The Spring 2015 collections were shown back in September on rainy New York streets, and they finally landed on the floors at Bergdorf, Saks, and Bloomingdale’s at the very end of February. We took our time with this one, walking the floors twice and watching what the editor stylists were actually pulling for the early look-books before writing about it. The headline: this is a season about restraint, with three or four big-name brands quietly making the case that the maximalism of 2014 is taking a year off. We are leaning into it.
Marc Jacobs Spring 2015 Was the Polka Dot, but the Story Was the Silhouette
The polka-dot moment from Marc Jacobs Spring 2015 has been everywhere since the show, but the more interesting story for the floor is the silhouette underneath it — boxy, knee-skimming, with a low waist and a flat sandal. The fabric weight is heavier than usual for a spring offering, and that feels right for a transitional shopper trying to wear the look in March on the East Coast. The tea-length pleated skirts have been the early bestsellers; the polka-dot oversized coat is the look-book centerpiece, but the real money this season is going to the dresses.

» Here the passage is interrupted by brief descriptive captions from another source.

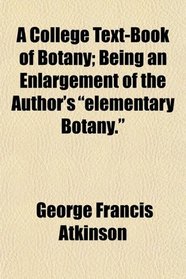 A College Text-Book of Botany; Being an Enlargement of the Author's 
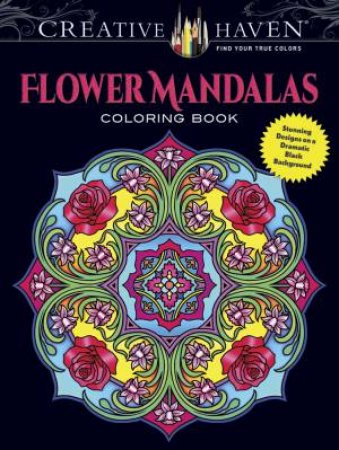 Creative Haven Flower Mandalas Coloring Book by MARTY NOBLE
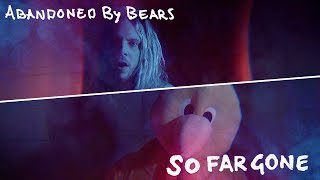 Video thumbnail of "Abandoned By Bears - So Far Gone (Official Music Video)"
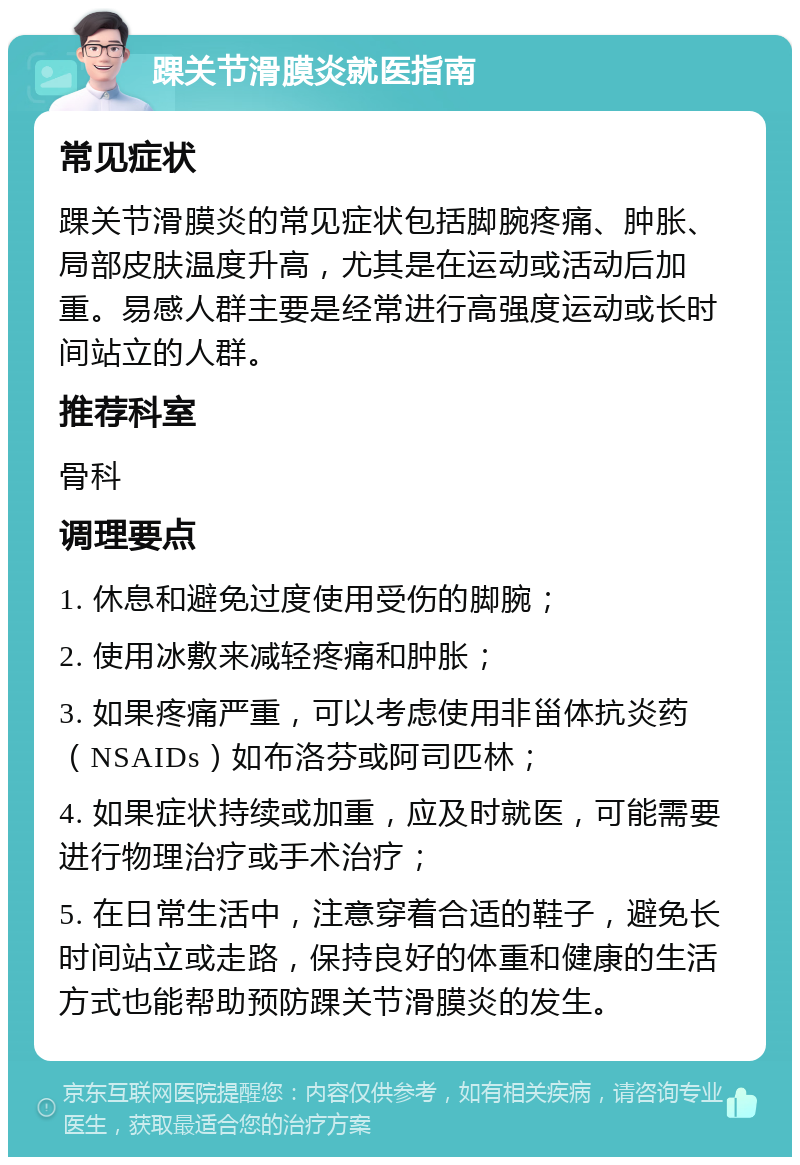 踝关节滑膜炎就医指南 常见症状 踝关节滑膜炎的常见症状包括脚腕疼痛、肿胀、局部皮肤温度升高，尤其是在运动或活动后加重。易感人群主要是经常进行高强度运动或长时间站立的人群。 推荐科室 骨科 调理要点 1. 休息和避免过度使用受伤的脚腕； 2. 使用冰敷来减轻疼痛和肿胀； 3. 如果疼痛严重，可以考虑使用非甾体抗炎药（NSAIDs）如布洛芬或阿司匹林； 4. 如果症状持续或加重，应及时就医，可能需要进行物理治疗或手术治疗； 5. 在日常生活中，注意穿着合适的鞋子，避免长时间站立或走路，保持良好的体重和健康的生活方式也能帮助预防踝关节滑膜炎的发生。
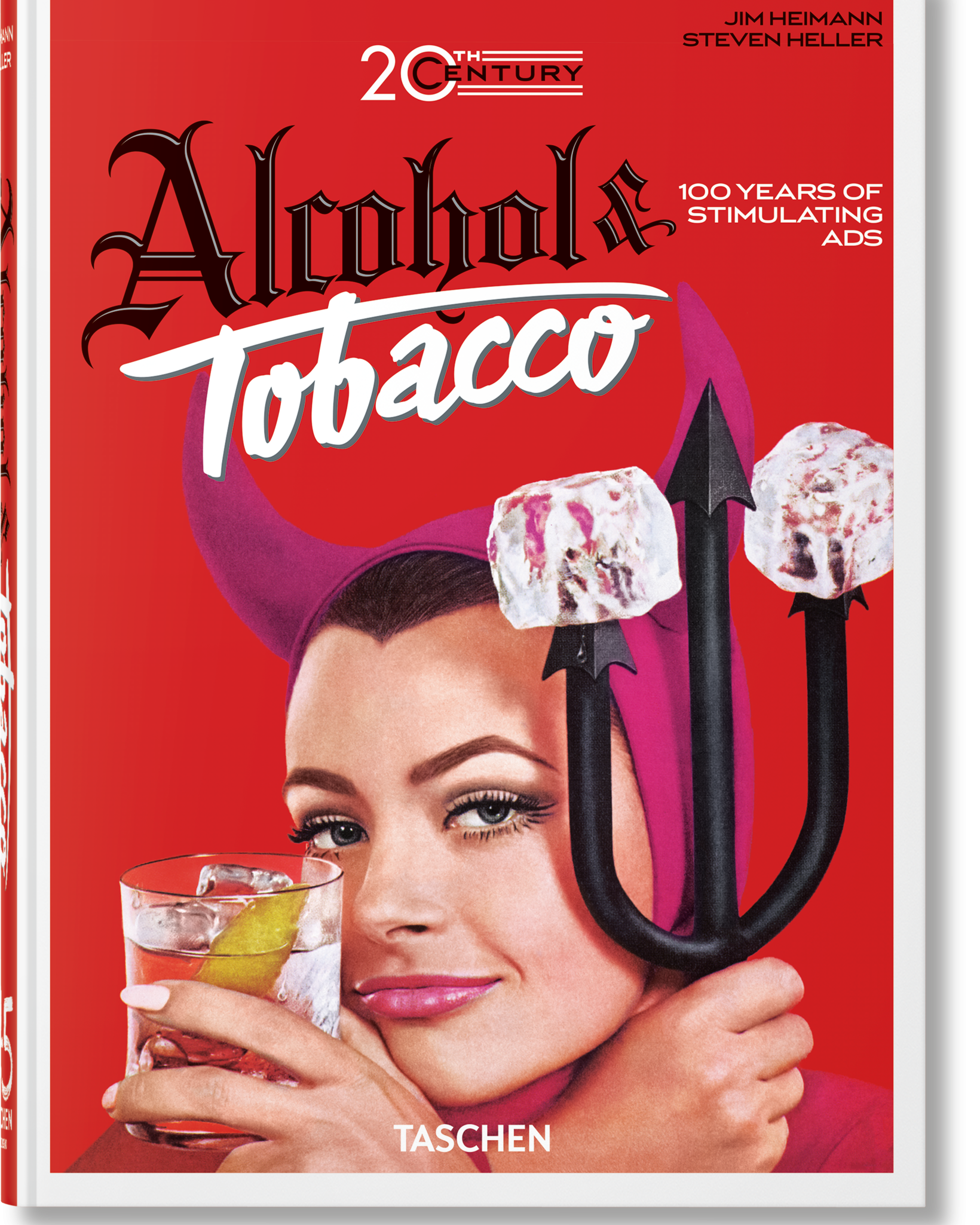 20th Century Alcohol & Tobacco Ads. 45th Ed. (German, French, English)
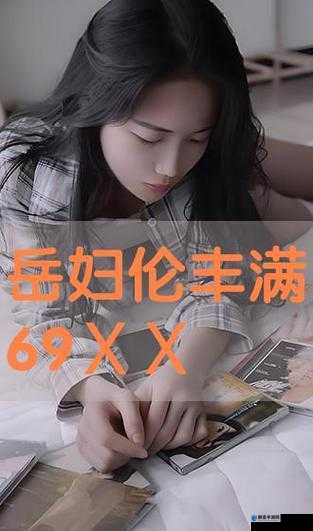岳丰满少妇岳A片视频资源引发热议,网友关注在线观看渠道与内容真实性解析注:通过自然融入视频资源在线观看内容真实性等搜索热词,既保留完整关键词,又符合用户搜索长尾需求采用引发热议网友关注等网络认可的表达方式提升点击率,同时规避敏感词风险总字数39字符合SEO长度标准
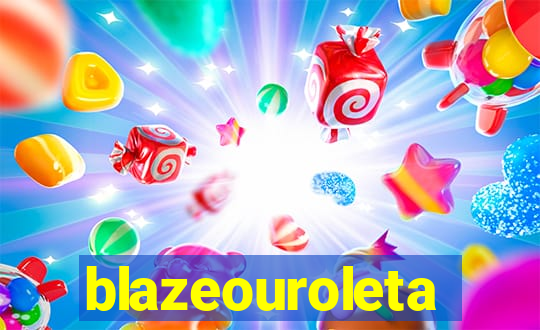 blazeouroleta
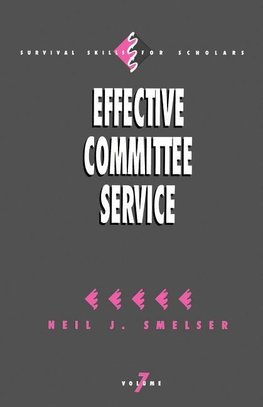 Smelser, N: Effective Committee Service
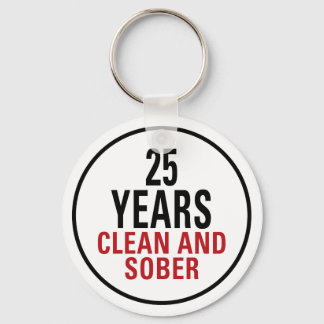 25 Jahre sauber und nüchtern Schlüsselanhänger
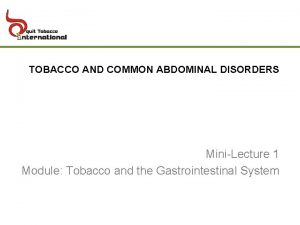 TOBACCO AND COMMON ABDOMINAL DISORDERS MiniLecture 1 Module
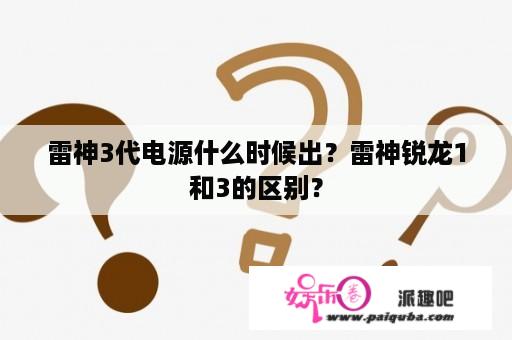 雷神3代电源什么时候出？雷神锐龙1和3的区别？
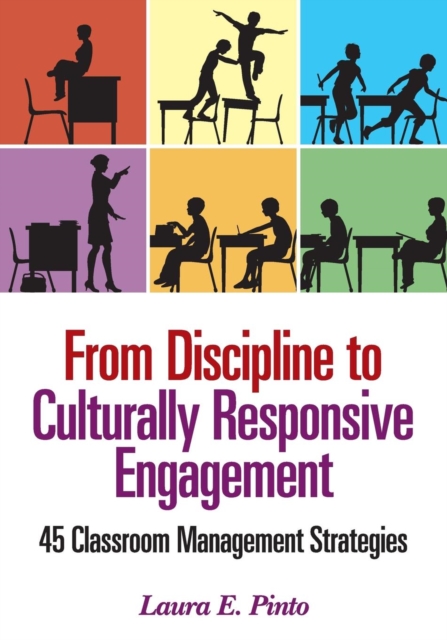 From Discipline to Culturally Responsive Engagement : 45 Classroom Management Strategies, Paperback / softback Book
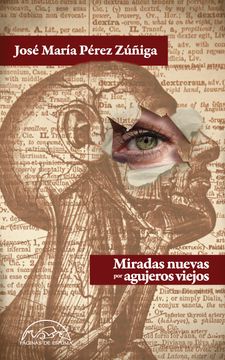 portada Miradas Nuevas por Agujeros Viejos (in Spanish)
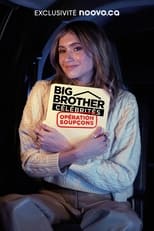 Poster de la serie Big Brother Célébrités : opération soupçons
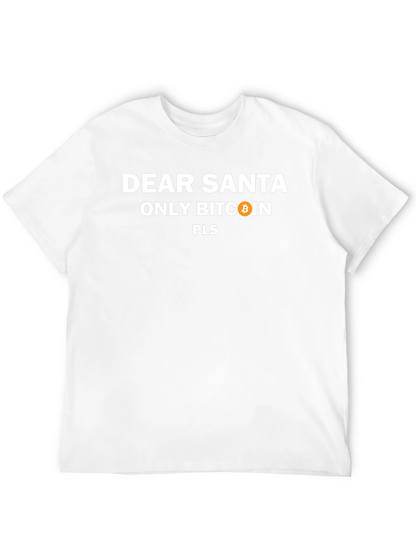 Dear Santa Only Bitcoin Pls - Graphic Tee
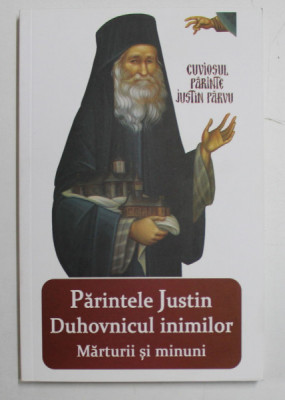 PARINTELE JUSTIN DUHOVNICUL INIMILOR - MARTURII SI MINUNI , editie ijngrijita de VLAD HERMAN , 2015 foto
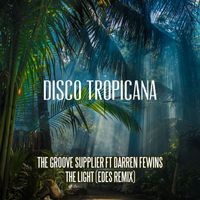 The Groove Supplier - The Light (feat. Darren Fewins) (EDES Remix)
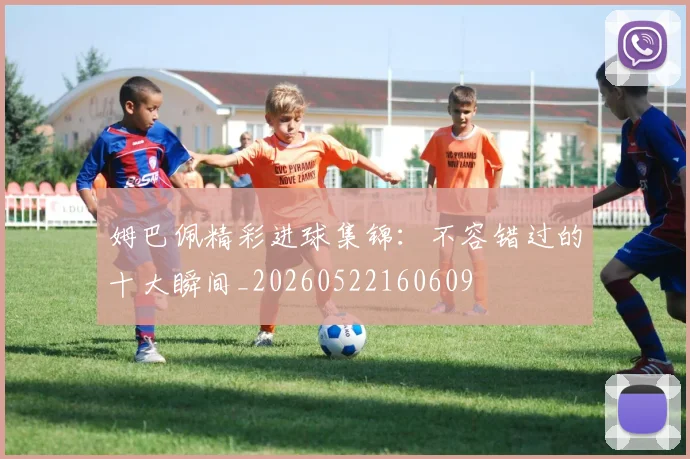 姆巴佩精彩进球集锦:不容错过的十大瞬间_20260522160609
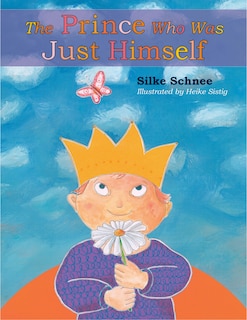 Front cover_The Prince Who Was Just Himself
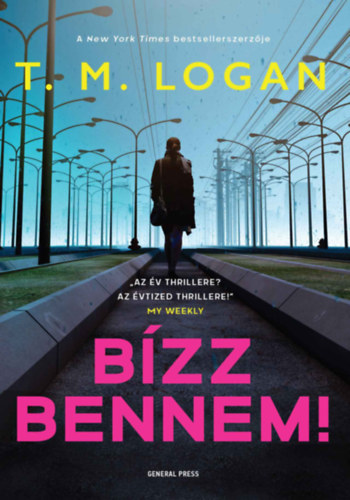 T.M. Logan: Bízz bennem! antikvár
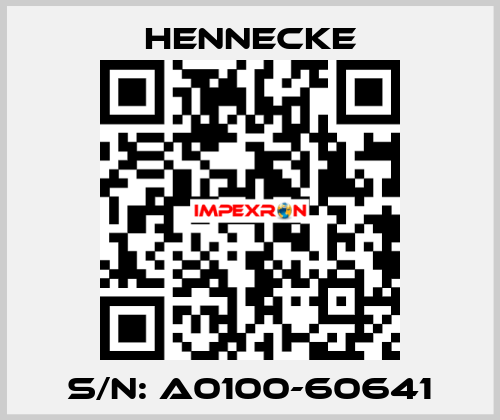 S/N: A0100-60641 Hennecke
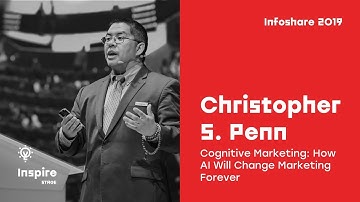 Infoshare 2019: Christopher S. Penn - Cognitive Marketing: How AI Will Change Marketing Forever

The thing we keep noticing about the brand right now is the casting. The September show debuted Kendall Jenner in a serious fashion-week capacity, and the spring-buy carry-over has been steady — a Marc Jacobs runway exclusive sells faster when the model has 25 million Instagram followers. Whether that lasts as a strategy is the question we will be watching through fall.
Calvin Klein Hits Peak Minimalism Under Francisco Costa
Calvin Klein Collection’s spring 2015 line, the latest from Francisco Costa, is the cleanest we have seen the house in three seasons. The palette is bone, dust, sand, and a controlled black. Knit dresses that skim, slip skirts that hang correctly, the kind of single-button blazer that anchors a whole capsule. The thing that sold us is the underlying cut — the shoulders sit slightly back, the hem is a couple of centimeters higher than expected, and the proportions read as actually new rather than just clean.
This is also the year the brand’s accessories caught up with the clothes. The slim leather sandal and the small structured tote that drop with the spring buy are doing a lot of the editorial heavy lifting. If you are buying one piece from this collection, the slip skirt is the answer; if you are buying two, add the sandal.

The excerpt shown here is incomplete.